• Records supplied:
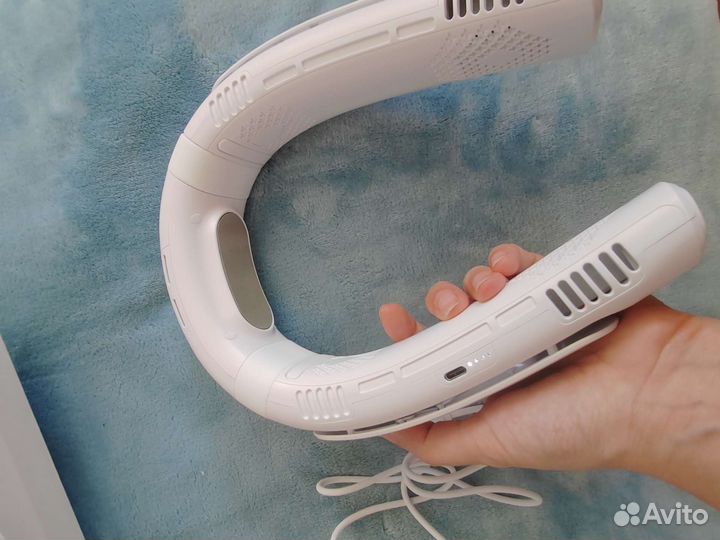 Портативный беспроводной вентилятор на шею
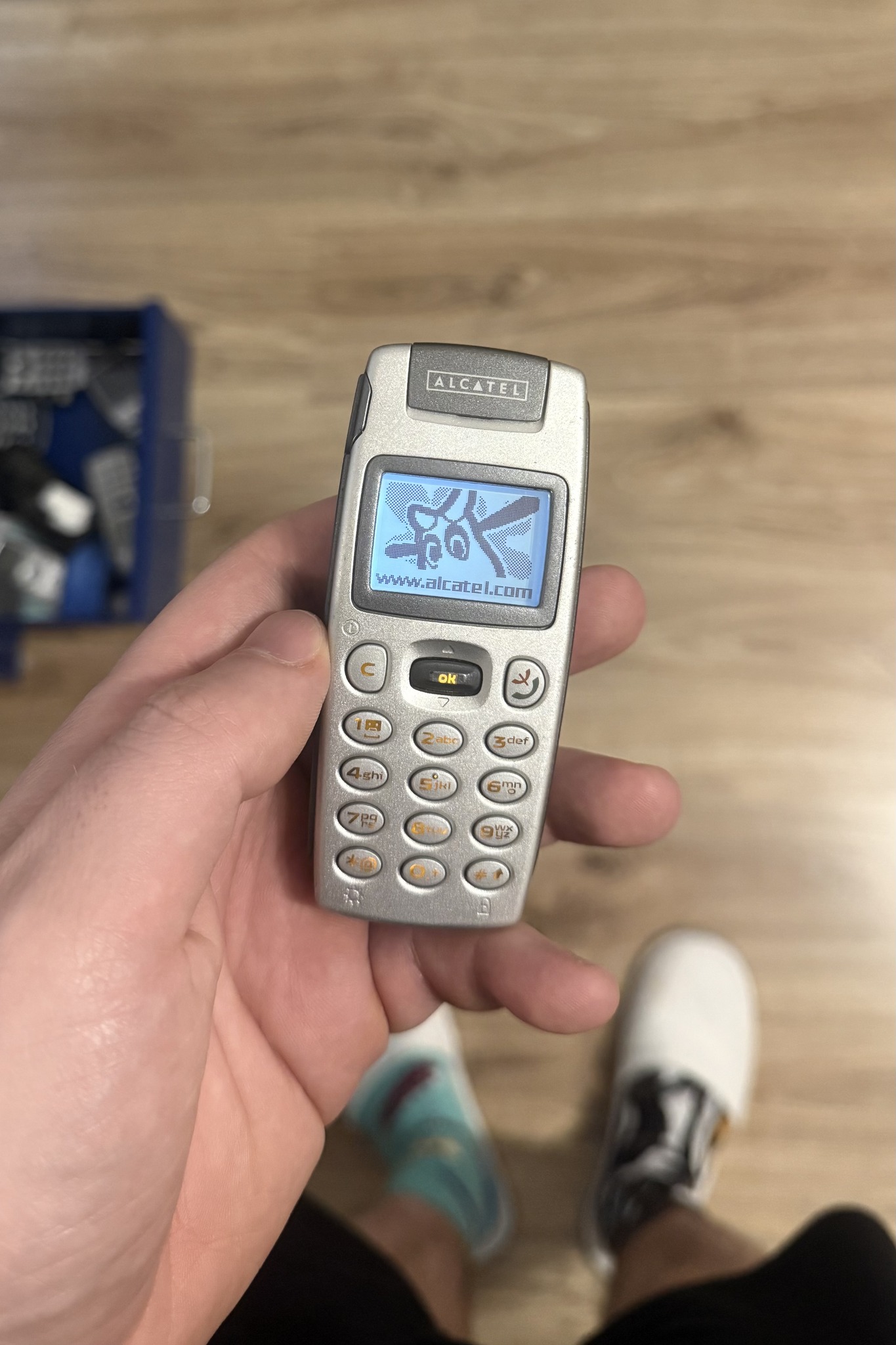 その他 No.61 What is the Alcatel 512 network code?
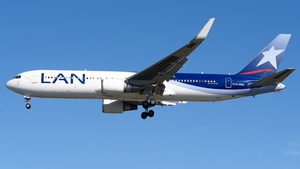 Photo of CC-BDB - Boeing 767-316(ER) operated by LAN Airlines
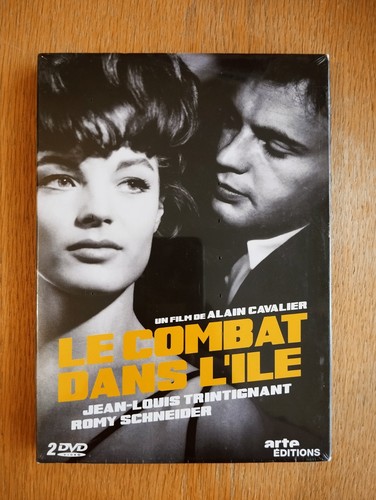 Combat dans île de - combat, l'île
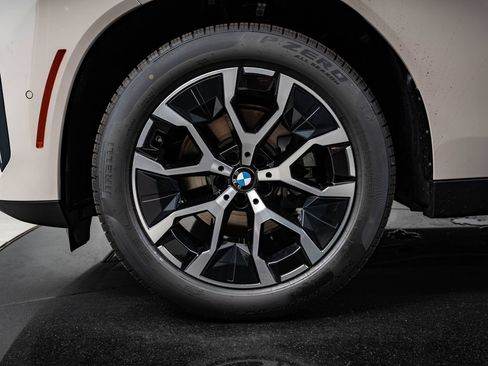 New 2026 BMW X3 xDrive30i w/ Premium Package AWD/4WD image 13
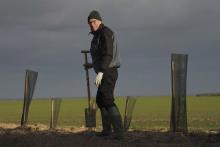 Le Père Jean-Marie Lioult, plante des arbres dans un jardin expérimental, le 31 Janvier 2022 à Tremblay-les-Villages, près de Dreux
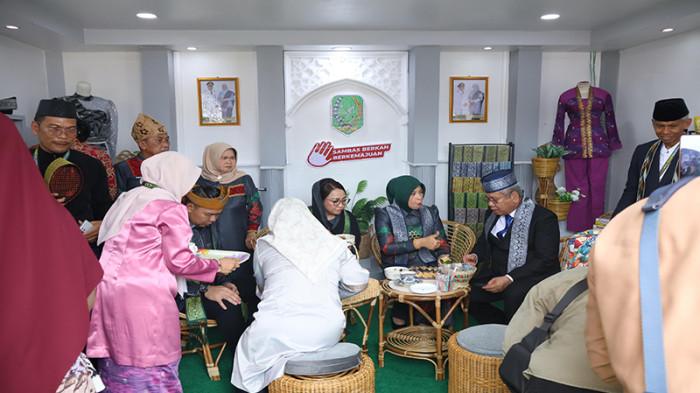 Tonjolkan Produk Tenun dan Kerajinan Rotan, Stand Pameran Sambas Raih Juara 1 MTQ Kalbar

• Work item: The task calls for all records to be set down precisely, excluding any images.

• Solution to this problem:
 Портативный беспроводной вентилятор на шею
 その他 No.61 What is the Alcatel 512 network code?
 Photo of CC-BDB - Boeing 767-316(ER) operated by LAN Airlines
 Combat dans île de - combat, l'île
 New 2026 BMW X3 xDrive30i w/ Premium Package AWD/4WD image 13
 Le Père Jean-Marie Lioult, plante des arbres dans un jardin expérimental, le 31 Janvier 2022 à Tremblay-les-Villages, près de Dreux
 Tonjolkan Produk Tenun dan Kerajinan Rotan, Stand Pameran Sambas Raih Juara 1 MTQ Kalbar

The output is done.